Tuesday, November 17, 2009

More about how





In my last post, I wrote about one foundational decision I made in regards to the book's structure. That decision I owed to another writer's novel. But a different aesthetic decision I can trace back to Van Gogh's paintings themselves. This feature of my book came to mind almost immediately after I conceived of writing it at all: To distinguish each of the separate "eras" in Van Gogh's life with a signature color. After all, his metamorphosis as a colorist is one of the most significant--perhaps the most significant--aspects of his development as an artist. (Not to sound too banal, but what blew me away in my visit to the Van Gogh museum was the intense, literally glowing, brightness of the pictures.) At different times during his career, different colors dominated. And it occurred to me that you could even characterize the years before he became a painter with signature colors; not colors that are found in paintings (because he was composing none) but colors which capture the "shade" of his life and ambitions. I would emphasize these shades by using the respective color words, or synonyms, frequently in the respective chapters. I didn't want this to be over the top, too heavy, too obvious, or too distracting, and so far I think I've succeeded. If anything, as I've revised I've cut back actually on these color words. But the scheme should still apparent to anyone reading carefully. Or even anyone reading loosely, since each chapter carries a color word as its title. In fact, the title of the whole book (have I mentioned it yet on this blog?) is one big fat color word of its own: Yellow.

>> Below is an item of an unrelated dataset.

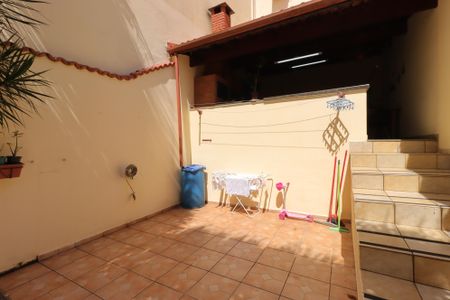 Casa à venda com 247m², 3 quartos e 5 vagasQuintal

Choosing the signature colors wasn't very hard. Some are obvious. Yellow, for instance, for Arles, where he famously and deliberately strove for the "high yellow note" that so dominated his paintings from that time. For his time in the hospital at Saint-Rémy I chose aquagreen: a decidedly cooler color than yellow and one, in fact, that does appear in the Saint-Rémy paintings. But his actual use of the color is less important that what the choice indicates: a deliberate effort to scale back from extremes, an overt desire to calm down both his pictures and his life. Nuenen became brown because there is simply so much brown in those very earthy paintings; the Borinage became black because a.) What else can you choose to describe his time among coal miners, and b.) in the Borinage he suffered through the worst depression of his life. His years trying to learn how to become a missionary and lay preacher? White, of course, because it suggests both purity and a white-hot fanaticism. His childhood in rural Brabant? Green. Paris? My first inclination was red. I thought it captured the dynamism of the city and suggested too his foray into intenser colors. But finally I went with orange. Because I see more orange than red in the Paris paintings and because there's something more off-center and sickly about the former color. (Van Gogh always recognized that he learned a great deal in Paris, but he also thought the city almost ruined his health.) There are some other periods and other colors, but you get the idea. Color isn't merely what Van Gogh's paintings were made from, it's embedded in the structure of my text.

[Above on the right is the very brown "Cottage with Peasant Woman Digging" (1885), painted in Nuenen, and, on the left, "Arles: View from the Wheat Fields" (1888).]